# Python Web-Scraping - An Introduction

## Topics

- Web basics
- Making web requests
- Inspecting web sites
- Retrieving JSON data
- Using Xpaths to retrieve html content
- Parsing html content
- Cleaning and storing text from html

## Prerequisites

Assumes knowledge of Python, including:
- Lists
- Dictionaries
- Logical indexing
- Iteration with for-loops

Assumes basic knowledge of web page structure.

## Goals

This workshop is organized into two main parts:
1. Retrieve information in JSON format.
2. Parse HTML files.


## Web Scraping Background

### What is web scraping?
Web scraping is the activity of automating the retrieval of information from a web service designed for human interaction.

### Is web scraping legal? Is it ethical?
It depends. Legal aspects vary, so if you have legal questions, seek legal counsel. Ethically, you can mitigate issues by building delays and restrictions into your web scraping program to avoid impacting the availability of the web service for other users or the hosting costs for the service provider.

### Web Scraping Approaches
No two websites are identical — websites are built for different purposes by different people and thus have different underlying structures.

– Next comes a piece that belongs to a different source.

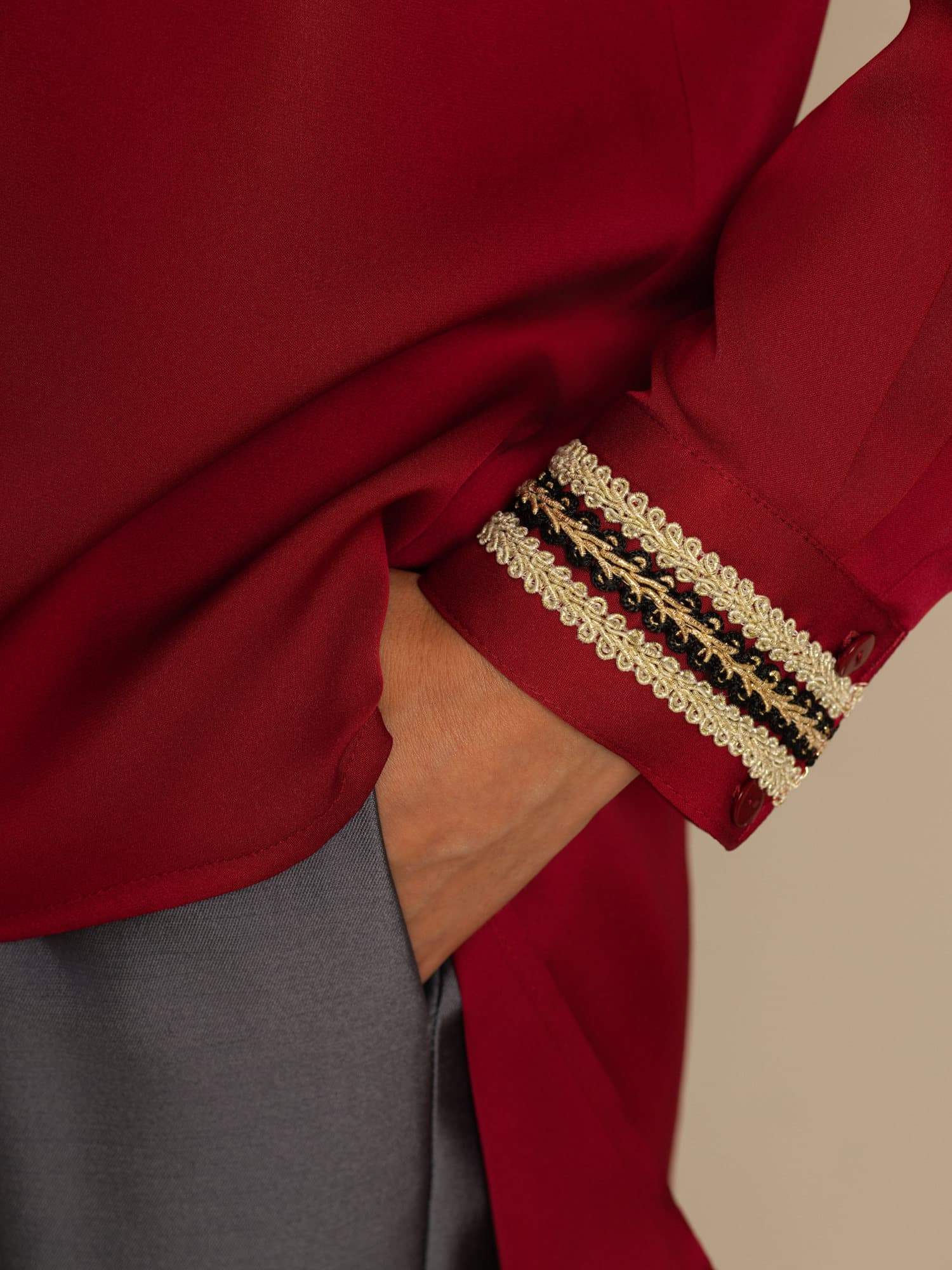 [Viini] SilkSilky-FI 19Momme Silkki Pitkähihainen Pystykaulus Pusero 006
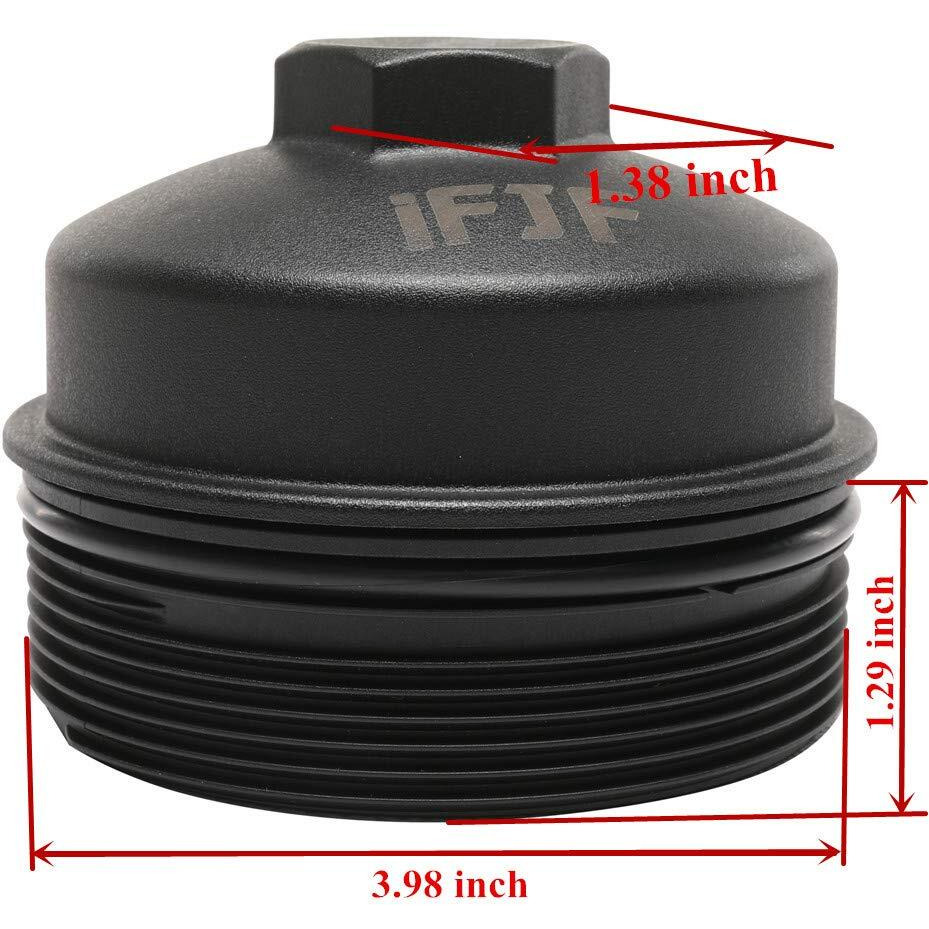 Ifjf Ec781 Oil Filter Cap Replacement For Fl2016 2003-2007 6.0L 2008-2010 6.4L Powerstroke F250 F350 F450 F550 Super Duty 2003-2005 Excursion 1840754C91 3C3Z-6766-Ca(Cap)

Because they are heterogeneous, there is no single way to scrape a website. The scraping approach must be tailored to each individual site. Commonly used approaches include:
- Using requests to extract information from structured JSON files.
- Using requests to extract information from HTML.
- Automating a browser to retrieve information from HTML.

Remember, even once you've decided upon the best approach for a particular site, it will be necessary to modify that approach to suit your specific use-case.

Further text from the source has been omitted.